Appellant did not challenge the voluntariness of his consent; he testified that he refused consent and they searched the vehicle anyway. Tr. 91-92.
{¶ 39} Further, as this Court noted in Bickel, supra, even if the traffic stop was completed at the time the officer asked to search the vehicle, under Florida v. Bostick, mere questioning by police does not constitute a seizure and an officer may request permission to search even without a basis for suspecting a particular individual, provided the officer does not convey a message that compliance is required.
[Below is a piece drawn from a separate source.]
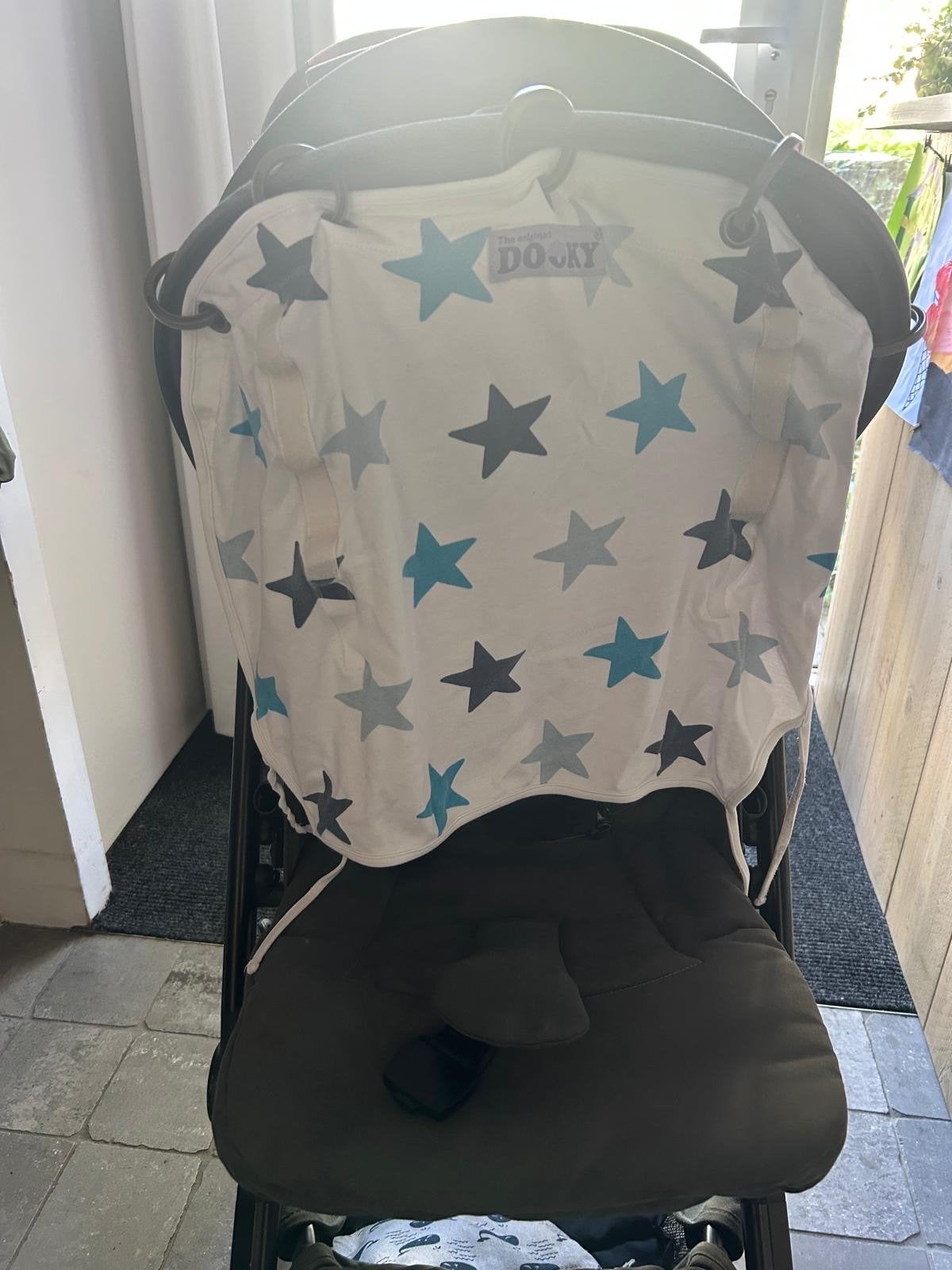Dooky zonnescherm met sterren voor kinderwagen/maxi-cosi, Ophalen of Verzenden, Zo goed als nieuw, Kinderwagen, Overige merken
The record does not demonstrate that appellant was detained for a longer period of time than necessary to complete the stop, or that the officer conveyed a message that compliance was required. Even if the officer returned appellant's identification before asking him for consent to search, the detention was short in duration and not a seizure under Bostick, supra.
{¶ 40} We next address appellant's claim that Patrolman Carroll reaching into appellant's pants to remove the bag of drugs exceeded the scope of a valid weapons patdown pursuant to Terry v. Ohio (1968), 392 U.S. 1.
{¶ 41} The United States Supreme Court established the "plain feel" doctrine as it relates to a Terry pat-down search for weapons for officer safety in Minnesota v. Dickerson (1993), 508 U.S. 366, 113 S.Ct. 2130. Therein, the Court held that police may seize contraband detected through the sense of touch during a protective pat-down if its identity as contraband is immediately apparent. Id. at 2137. Further, once the officer determines the object detected in the outer clothing of the suspect is not a weapon, the search must stop unless probable cause and exigent circumstances exist. Id.
{¶ 42} However, in the instant case, the search in which Patrolman Carroll discovered the baggie of cocaine in appellant's pants was not a Terry patdown. Officer Carroll initially conducted a Terry pat-down for officer safety in order to ascertain whether appellant had any weapons on his person. (T. 51-52). This pat-down did not reveal the presence of any weapons.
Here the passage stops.